What would you do for two?

She sat back, contemplating such a fantasy. She didn’t like to play games that gave her false hope, but she intended to finish this.

She’d finally have the funds to bury her mother properly. She could rest without doing math in her head, without calculating how many days until rent was due or how many meals were left in the cupboard.

For two? She laughed. Who needed two if they already had one?

With one million alone, she’d be able to buy time to live however she wanted.

She could buy a home, a car, take a vacation…

Such luxuries were so foreign to her, they were difficult to picture.

She didn’t dream of yachts or diamonds. But she did long to wake up without fear. That was the truest form of privilege.

She didn’t need a million pounds. She only needed enough to escape the pressure of the burdens weighing her down.

She tried to imagine a life where the air didn’t smell of hunger, and every decision wasn’t driven by desperation.

“Miss, it’s past eight. You have to sign off now.”

“Please.

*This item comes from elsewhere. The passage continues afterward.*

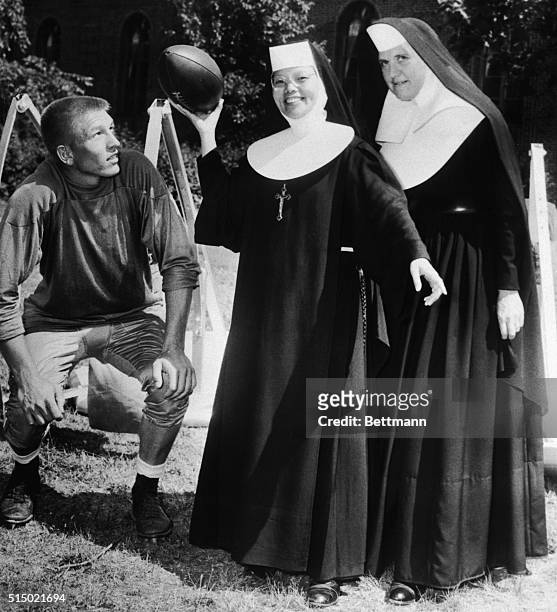 Pittsburgh Steelers' Quarterback, Johnny Unitas, shows Sister M. Theresa Hung, of Shishi, China, how they play football in the United States. Looking...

Two more minutes.”

The librarian pressed her lips into a thin line, but nodded.

Daisy filled in the last of the answers, and a notice appeared.

Submitting your answers does not

guarantee an invitation to

The Feast of the Fallen.

Only a select few will be chosen at the host’s discretion.

If selected, you will be notified.

A good-faith incentive will be deposited into your designated account once the application process is complete, if you are accepted.

All this for a scam? She scrolled lower, waiting for the part where they try to wheedle her personal information out of her, but there weren’t any more questions.

What account did they intend to incentivize if they didn’t even attempt to steal her identity properly? For a scam, it was a pretty stupid one.

“Fuck it.” She clicked submit.

The screen went black, and the browser kicked her out. Clicking the search bar, the history was blank as if she’d imagined the whole thing. She typed the address again, only to get an error message.

“What the hell?” Daisy rubbed her forehead. “I need sleep.”

“Miss, I’ve been more than patient—”

“Sorry.” She sprang from the desk, bag in hand, and rushed past the librarian. “I’m going.”